The second half of 2015 saw the Monetary Authority of Singapore introduce the Singapore Savings B...

The second half of 2015 saw the Monetary Authority of Singapore introduce the Singapore Savings Bond (SSB), which are a special type of Singapore Government Securities (SGS). The following features of the SSB make it a highly recommended product for any Singaporean’s investment portfolio.

1. Virtually risk free:

The capital and accrued interest of the SSB is backed by the government of Singapore, the sole AAA-rated country in Asia. Thus, there is virtually no risk in investing in these bonds.

2. Facilitates portfolio diversification:

Portfolio diversification, as a means to mitigate risk, is a must for every investor. The SSB would serve this purpose in a very satisfactory manner.
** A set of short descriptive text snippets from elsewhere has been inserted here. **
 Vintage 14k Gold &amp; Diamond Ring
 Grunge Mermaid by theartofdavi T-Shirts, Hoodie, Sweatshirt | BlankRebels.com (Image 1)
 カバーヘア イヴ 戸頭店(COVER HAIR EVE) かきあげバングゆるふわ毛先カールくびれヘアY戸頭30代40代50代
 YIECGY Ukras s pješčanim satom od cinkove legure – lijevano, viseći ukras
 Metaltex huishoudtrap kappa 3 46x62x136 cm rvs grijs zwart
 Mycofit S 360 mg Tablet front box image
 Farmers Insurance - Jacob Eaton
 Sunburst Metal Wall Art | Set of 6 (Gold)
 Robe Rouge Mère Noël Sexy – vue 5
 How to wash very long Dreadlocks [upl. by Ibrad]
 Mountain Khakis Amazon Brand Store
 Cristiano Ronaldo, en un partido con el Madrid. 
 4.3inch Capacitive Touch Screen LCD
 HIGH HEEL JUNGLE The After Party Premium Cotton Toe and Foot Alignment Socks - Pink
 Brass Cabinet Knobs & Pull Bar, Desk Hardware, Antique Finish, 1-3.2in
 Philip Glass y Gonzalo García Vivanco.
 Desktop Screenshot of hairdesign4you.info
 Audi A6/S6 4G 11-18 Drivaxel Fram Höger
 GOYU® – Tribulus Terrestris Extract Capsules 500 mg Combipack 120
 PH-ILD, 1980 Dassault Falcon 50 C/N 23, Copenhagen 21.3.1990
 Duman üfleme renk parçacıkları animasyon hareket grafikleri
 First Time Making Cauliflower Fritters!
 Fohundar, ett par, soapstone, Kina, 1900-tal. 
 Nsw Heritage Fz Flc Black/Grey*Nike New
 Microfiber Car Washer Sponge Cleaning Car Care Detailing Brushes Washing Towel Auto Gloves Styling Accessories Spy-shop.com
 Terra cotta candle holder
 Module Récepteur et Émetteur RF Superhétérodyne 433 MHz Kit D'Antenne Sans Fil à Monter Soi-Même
A 60/40 portfolio basket (60% stocks and 40% SSB) would greatly assist in capital preservation during equity downturns.

3. Low minimum investment requirement:

The Singapore government issues SSB once/month. An investor can participate in an SSB issue with a minimum investment of as little as $500. The maximum investment per issue is $50,000, provided the overall SSB holdings of the investor does not exceed $100,000.

4. Attractive interest rates:

The average yields of 1, 2, 5 and 10-year Singapore Savings Bonds are 2.3%, 1.5%, 0.7% and 0.5% respectively. Thus, in the case of a 10-year bond, an investor can earn approximately $2.30 per annum for every $100 invested. This compares favorably with fixed deposits; Singapore banks offer a maximum interest rate of only 1.8% per annum. Another appealing feature of the SSB is that interest rates are determined by the holding period rather than the sum invested.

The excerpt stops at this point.